Pedro Pablo Rubens, Paisaje |
En todo museo, como en un iceberg, hay una amplia parte sumergida. Las salas de exposición tienen una capacidad limitada, aún más exigua si se intenta evitar abrumar al visitante. Como consecuencia, muchas de las obras conservadas permanecen ocultas en los almacenes, invisibles para el gran público, quien se pierde no sólo parte de la producción de los artistas esenciales, sino la obra entera de muchos menores. Pinturas y esculturas que quizás, para una persona en particular en un momento determinado, podrían ser más importantes que las creaciones de los maestros consagrados. Incluso constituir ese instante de revelación que justificase la vista a un museo o una exposición.
Por esa razón, es de agradecer que El Prado organice periódicamente miniexposiciones para traer a la luz esos fondos olvidados. Ya sea para hablarnos de un artista poco conocido, caso de Juan Fernández el Labrador, especializado en pintar racimos de uvas y del que sólo se sabe que estuvo activo en la década de los 30 del siglo XVII; o bien para explorar formas y formatos considerados menores, como podría ser la pintura de "cámara", obras de tamaño pequeño pensada para el disfrute privado, al contrario de aquélla concebida para ser expuesta en palacios e iglesias, como medio de propaganda del poder político y religioso. Así, en estas semanas, y mientras se espera la inauguración de la muestra de Lorenzo Lotto, pueden visitarse dos exposiciones pequeñas, ambas ilustración de lo que no dejan de ser notas al pie en la historia de la pintura, pero no por ello menos interesantes.
La primera tiene el título Rubens, Pintor de bocetos, título que no deja de ser engañoso. Con ese nombre, se esperaría una colección de dibujos preparatorios, apuntes y ejercicios, que sirviesen para explicar el proceso creativo del artista o acceder a su mundo interior. Así ocurría, por ejemplo, con la reciente muestra dedicada al Ribera dibujante, en la que se atestiguaba una fascinación de ese pintor con la deformidad, la tortura y la muerte, presente en su obra al óleo, pero que va más allá del gusto barroco... y que no llega a los extremos de extravagancia, casi de falsedad, de un Salvator Rosa. Sin embargo, lo que se puede contemplar en la exposición de Rubens no son bocetos, en su sentido habitual, sino versiones en miniatura de sus cuadros mayores, incluso ejecutados al óleo, y presentados en varias ocasiones junto a la obra final para que sirvan de comparación.
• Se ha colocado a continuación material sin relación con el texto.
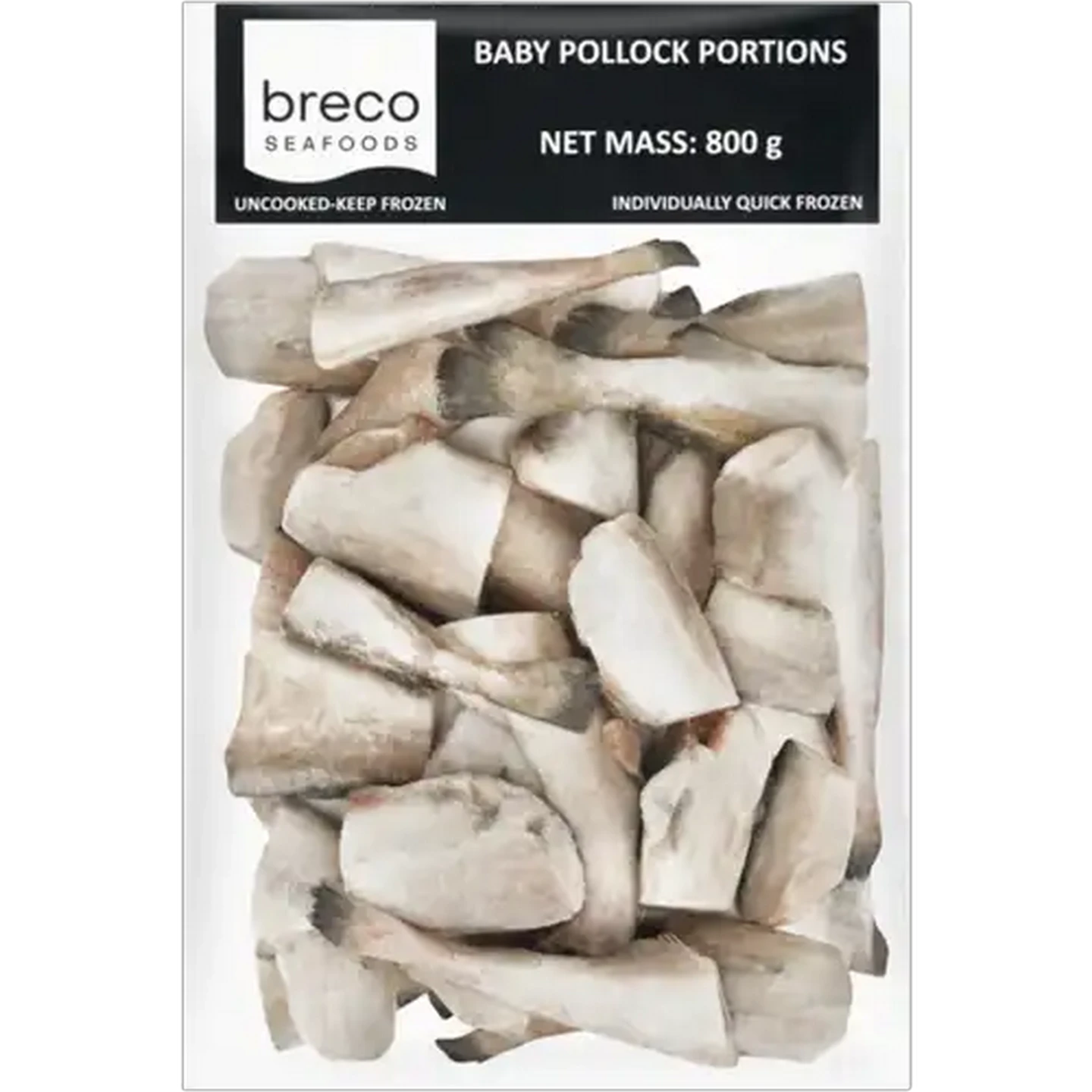 Image of Breco Seafoods Frozen Baby Pollock Portions 800g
Ocurre, que el objeto de la muestra es otro que el de adentrarnos en el mundo privado de Rubens. Más bien, lo que se pretende es familiarizarnos con el otro papel, aparte del de creador, que un artista de la Edad Moderna debía representar: el de empresario. No hay que olvidar que la pintura, o la escultura, eran ante todo un negocio, regulado por las estrictas reglas del gremio correspondiente. En ese marco legal y laboral, el artista joven aspiraba, ante todo, a conseguir la fama suficiente que le permitiese montar su propio taller de producción artística, una auténtica industria artesanal en que el volumen de encargos impedía al maestro ocuparse en persona de todos y que requería el empleo de ayudantes y aprendices. Así, en función de la importancia del comitente y del precio pagado, las obras en proceso de creación quedaban divididas en tres clases: las de poca monta, encargadas a los ayudantes con la guía de un diseño del maestro, las de importancia media, en las que el pintor se reservaba la ejecución de una parte, como por ejemplo los personajes, y los encargos de prestigio, realizados en exclusiva por el maestro, aunque los ayudantes pudiesen intervenir en el acabado.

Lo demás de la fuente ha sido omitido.